One of the many attractions of UK flat racing are the idiosyncrasies of all the different tracks and coming to understand the bias (from either the draw, pace tactics or the going) can be a crucial edge when finding winners and making your betting profitable. We are going to look at the 10 most prevalent track biases with in terms of draw or pace that punters can use to help find winners while used alongside beth.bet:
This is one of the most significant draw biases in the country with low drawn runners highly favoured. Stalls 1-2 who can get a prominent position against the far-rail and very often prove extremely hard to catch. Although Pontefract has a stiff uphill finish it seems to be virtually impossible on fast ground to come from off the pace. Concentrate particularly on the races under a mile where those drawn low who look set to get an easy lead against the rail.
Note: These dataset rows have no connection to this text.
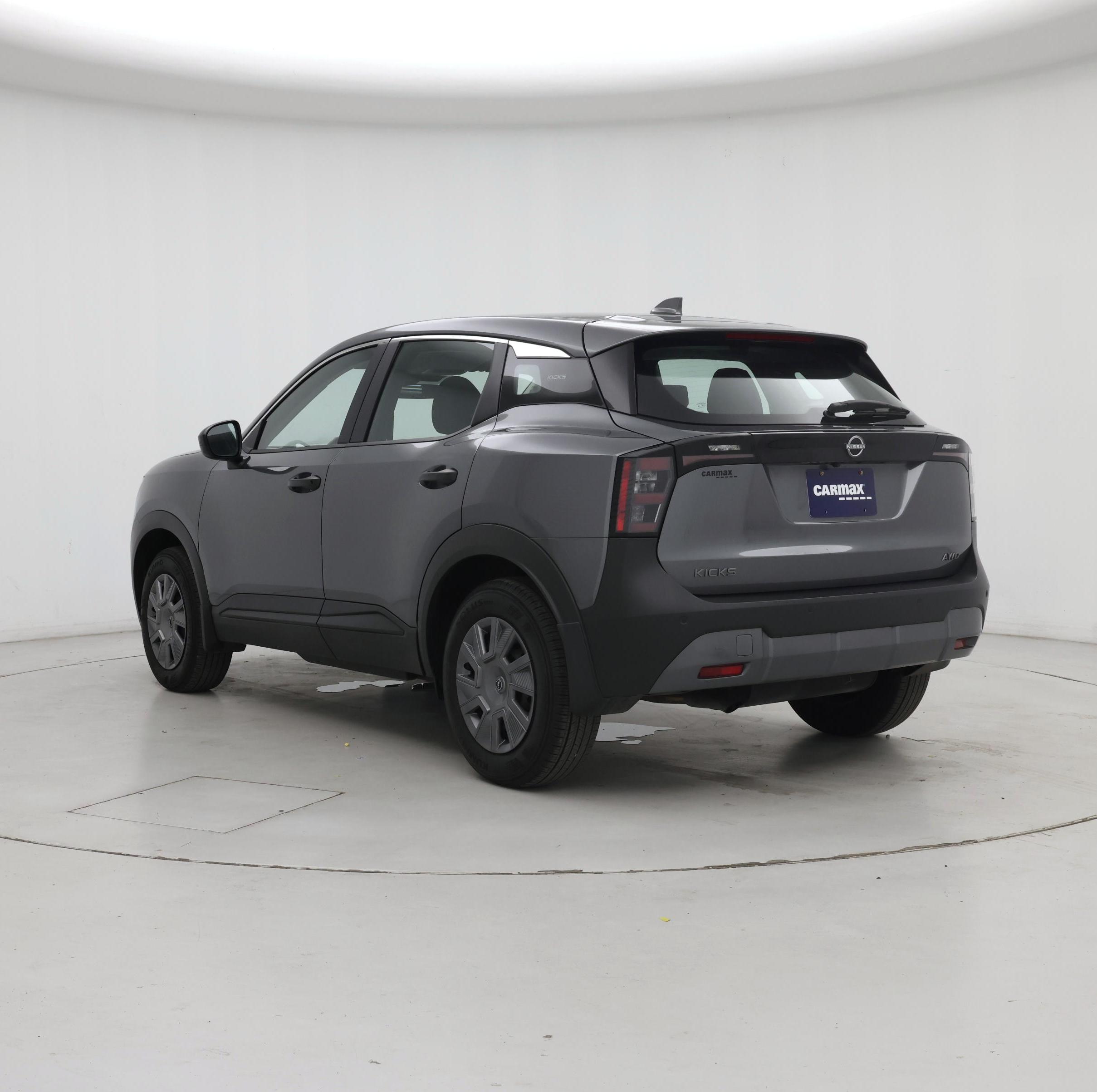 Thumbnail: 2025 Nissan Kicks - 2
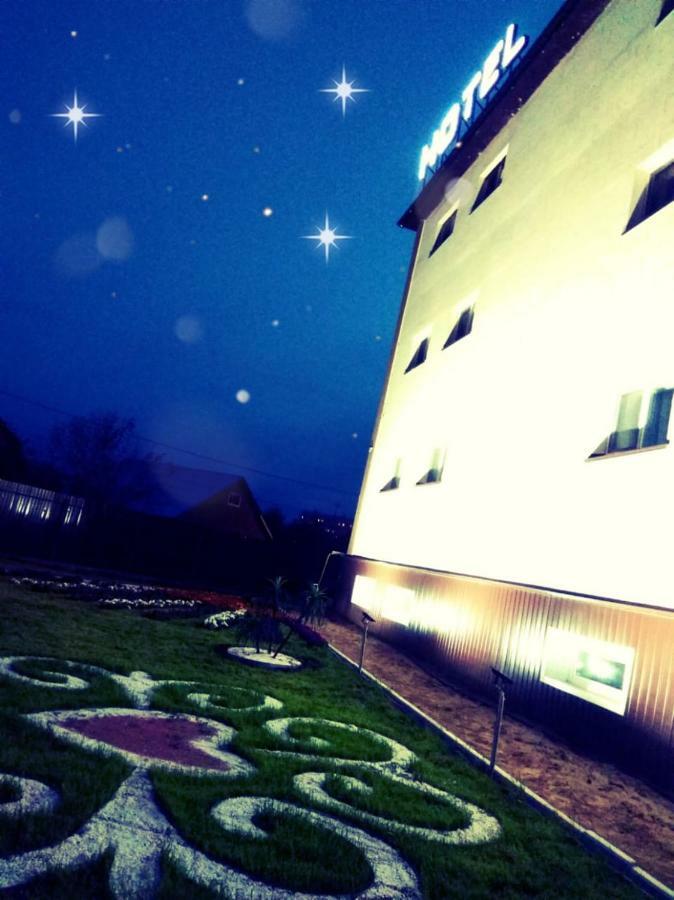 Altyn Orda Hotel เปโตรปาฟลอฟส์ค ภายนอก รูปภาพ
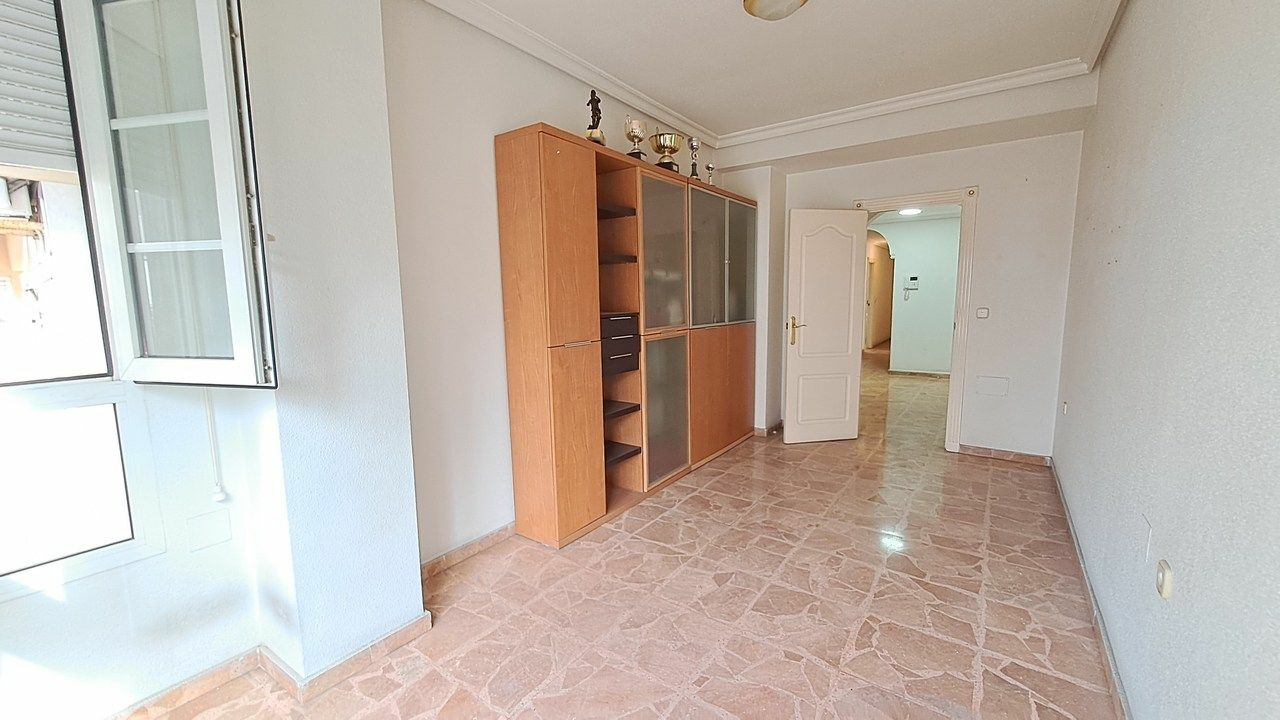 5-bedroom Apartment In Torrevieja, Spain (250 M²)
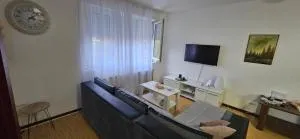 Stan na dan Mladenovac - Smederevska Palanka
Conversely hold up runners find it very hard to land a blow, unless the ground is riding a lot softer than normal.
2. Lingfield Turf
This notable Surrey track in the South East has always shown a huge bias towards the stand side – those horses drawn high over five, six and seven furlongs are dramatically favoured on fast ground. Lingfield is an undulating track, and with the faster strip of ground against the stand’s rail there is a marked advantage particularly for those ridden forwards from the stalls.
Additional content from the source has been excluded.